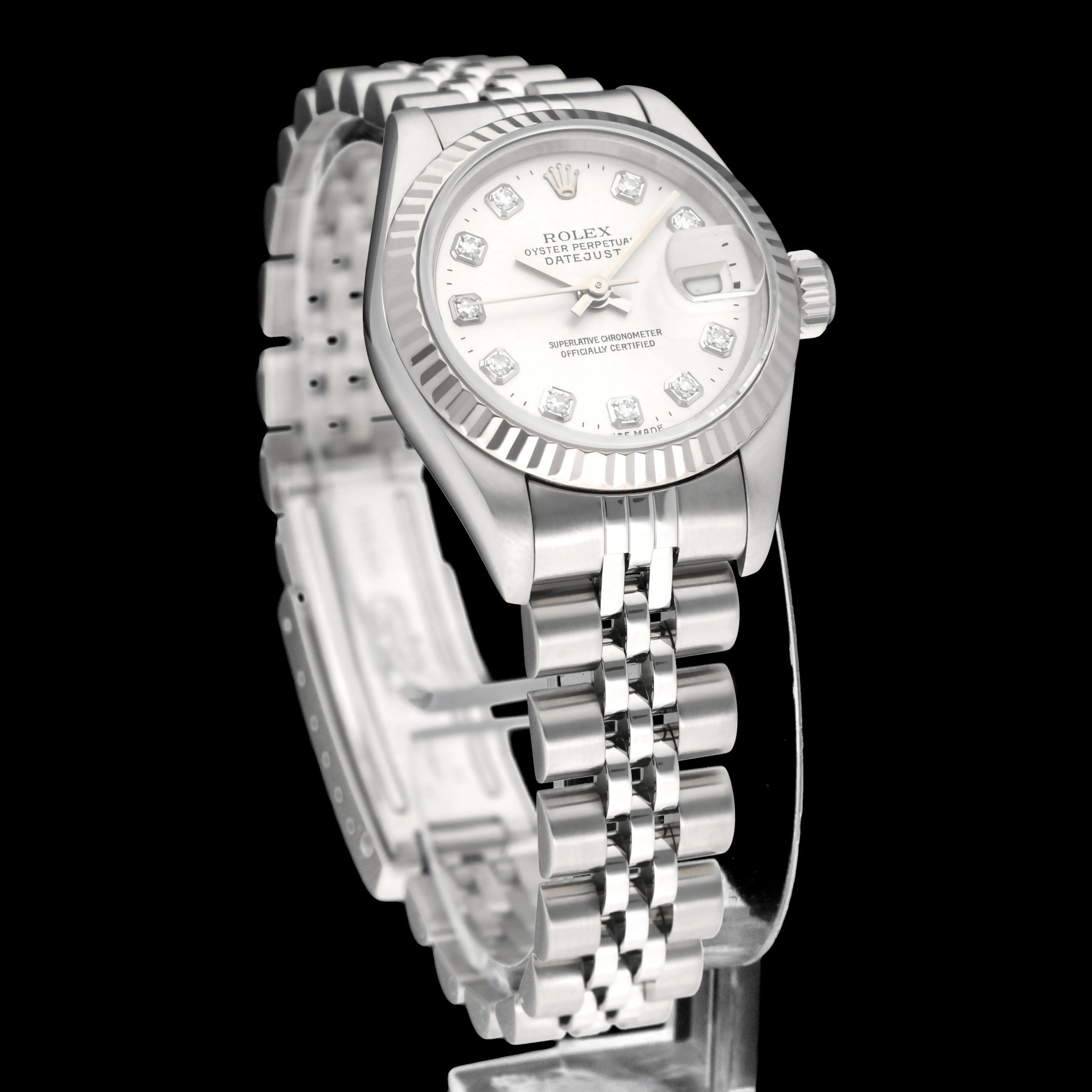 Rolex Oyster Perpetual Lady Datejust 69174G - 1997 - Rolex horloge - Rolex kopen - Rolex dames horloge - Trophies Watches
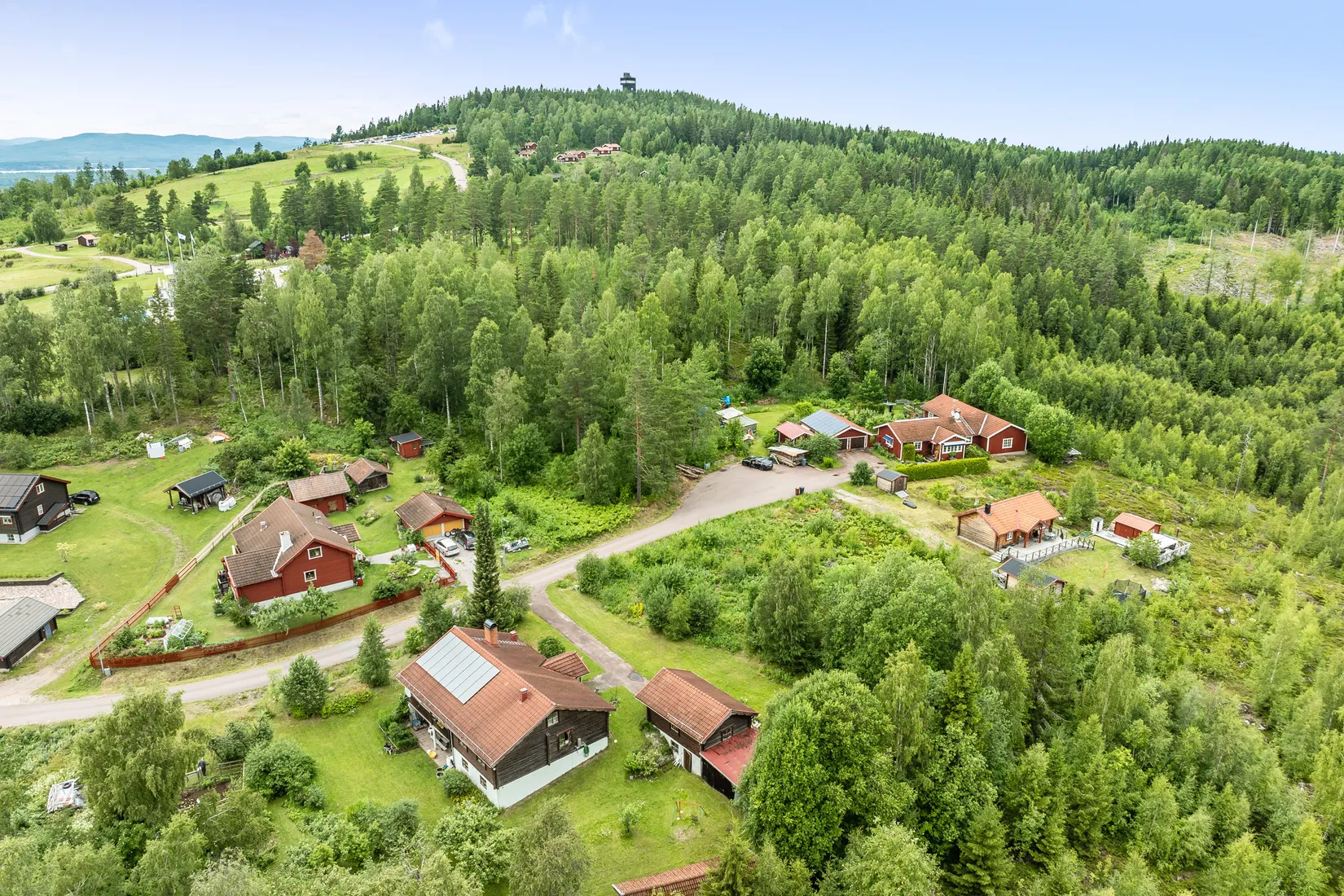 Tomt, Tottgärdsgattu, Björken Siljansnäs, Leksand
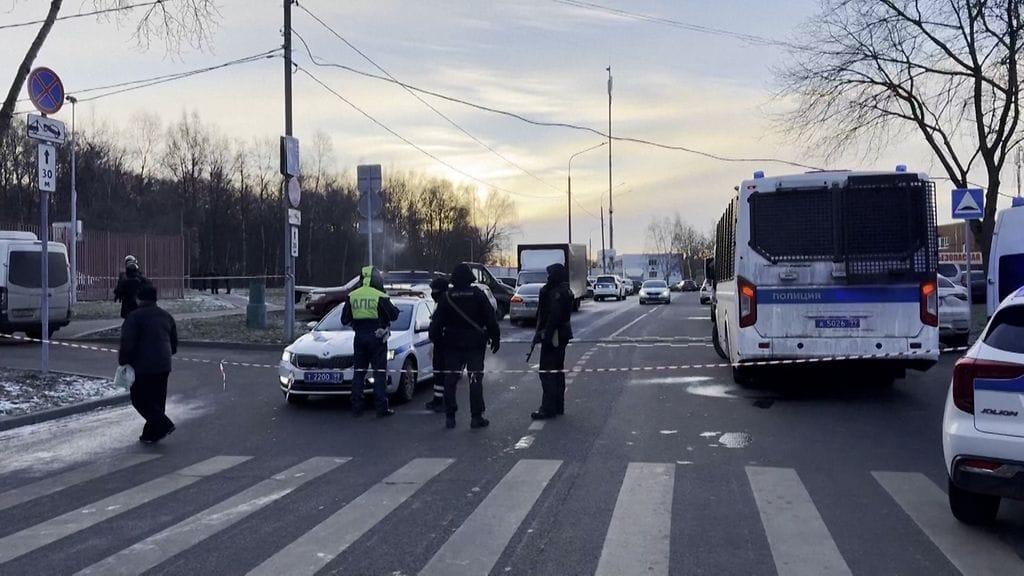 Räjähdys tapahtui Etelä-Moskovassa.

━━━

### Your objective
Type out the data above once more, exactly, with no images included.

### Output below
 Rolex Oyster Perpetual Lady Datejust 69174G - 1997 - Rolex horloge - Rolex kopen - Rolex dames horloge - Trophies Watches
 Tomt, Tottgärdsgattu, Björken Siljansnäs, Leksand
 Räjähdys tapahtui Etelä-Moskovassa.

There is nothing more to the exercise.